The first advances in understanding and quantifying structural damping arose from research conducted in nuclear structural buildings (Housner et al., 1953), (Stevenson, 1980) obtained as single values for all modes, stress and earthquakes levels using response spectra methodology. The results of these studies were used extensively in the US and Japan for seismic analysis in the 60s and 70s. During these decades, (Blevins, 1977), structural damping was defined as the energy dissipation during vibration due to friction, impact, scraping and motion of trapped fluid within a joint, also establishing the related material damping due to yielding and heating of energy dissipation of materials or fluid damping to explain viscous drag dissipation and radiation to the surrounding fluid. Further researches, (Newmark, 1969, 1972), classified structural damping by materials, stress levels, connection types or soil-foundations influence. Those concepts were rapidly applied to communications structures (Clow, 1974).

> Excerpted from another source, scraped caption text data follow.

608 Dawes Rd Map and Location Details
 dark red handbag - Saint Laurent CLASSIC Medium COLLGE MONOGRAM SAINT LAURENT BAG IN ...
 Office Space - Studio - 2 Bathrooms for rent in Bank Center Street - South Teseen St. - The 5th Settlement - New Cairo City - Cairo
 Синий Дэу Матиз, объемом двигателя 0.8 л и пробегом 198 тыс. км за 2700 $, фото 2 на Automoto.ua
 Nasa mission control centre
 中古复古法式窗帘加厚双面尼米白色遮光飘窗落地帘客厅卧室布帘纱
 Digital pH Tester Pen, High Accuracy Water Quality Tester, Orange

The most important mechanisms considered in structural damping are material damping and friction/coulomb interfacial damping. In actual slender structures, material damping is based on energy losses due to internal hysteresis in materials that comprise the structure (Scruton and Flint, 1964). On the other hand, there is evidence that a high percentage of structural damping is caused by connection friction (Coulomb friction) of the structural response (WG4. IASS, 1981). These friction forces occur when relative motion occurs between adjacent members. In communication towers and masts, these members include the joints between leg bracings and horizontal members of lattice towers and the joints between the foundation and superstructure or between steelwork installed to hold equipment. Those forces are independent of the amplitude, frequency and velocity of tower motion and constantly oppose the normal motion of the structure. Welded connections tend to reduce the contribution of interfacial damping compared to bolted connections (WG4. IASS, 1981).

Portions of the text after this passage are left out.